The village of Little Baring in Somerset has a dark history. Once upon a time, two women were drowned on the ducking stool after being accused of being witches – an accusation levelled by the wife of Hugh Condamine who was sleeping with one of the women. Revenge is seemingly served, however, as the woman descends into madness and death as she is stalked by her victim’s ghost.
The story seems ideal fodder for Stephen Latimer, an up and coming film director, and he heads to Little Baring on the invite of George Condamine, Hugh’s descendant. As Stephen and his assistant Evan Hughes arrive in the area, they become involved in the family and their concerns. Soon (well, soon-ish) a death occurs, but can Inspector Collier keep the ghosts of the past at bay long enough to find the killer?
There are a few reviews of this amongst my blogging buddies at the moment, such as Kate and Brad. You’d almost think, given the same thing happened with The Red Right Hand last month, that we’ve formed a book group, wouldn’t you? Anyway, this was my month to choose the book, or at least offer up three titles to be voted on and this is the one that proved most popular.
Moray Dalton seems to have become one of Dean Street Press’s most popular reprinted authors, and this book does seem to be an exemplar of her work. I enjoyed the other books of hers that I have read, but with none of them particularly exciting me in the way that some Golden Age writers do.

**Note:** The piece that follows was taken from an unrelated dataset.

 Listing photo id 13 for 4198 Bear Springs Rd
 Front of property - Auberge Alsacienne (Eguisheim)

I think the reason for this is that the better-known author who I feel she draws comparison to is my old nemesis Ngaio Marsh.
Just to be clear, Dalton is, I think, better than Marsh, but they both are strong on setting and characters. Here, the pre-murder section is excellent, building up the legend from centuries before, the film-makers planning on how to adapt it, the tensions within the family, such as George’s wife’s attempts to acquire the part of the witch in the film… and then the murder happens and it goes downhill. Well, not downhill – it goes flat.

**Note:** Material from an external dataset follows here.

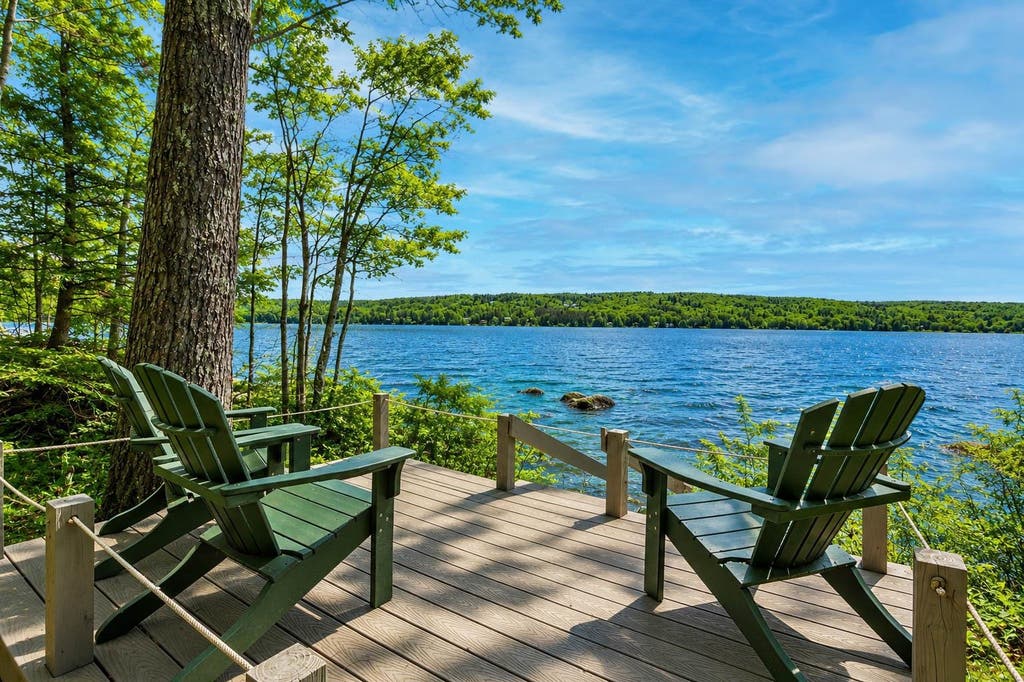 Photo of 986 Lakeshore Drive, New London, NH 03257 (MLS # 5089589)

As with Marsh, Dalton isn’t the best at creating an imaginative plot with her setting and the revelation of the murderer was met by me with something of a shrug of the shoulder, as if to say “Is that it?” Ah, says the book, there’s something more to it than that. Oh, say I, you’re right, but it’s not desperately original either, is it?
I think this would have worked better if Inspector Collier had stayed out of it and this was a standalone mystery. Collier has basically the same charm as Marsh’s Alleyn, although he doesn’t seem to be flirting with his fellow officer, but he’s the least interesting character here. Without him, the sudden romance could have been less sudden and the second half could have been as charming as the first.
Still, plenty of people like Marsh, and will like this one too. I enjoyed it, I just wish Dalton had created a better mystery out of the setting.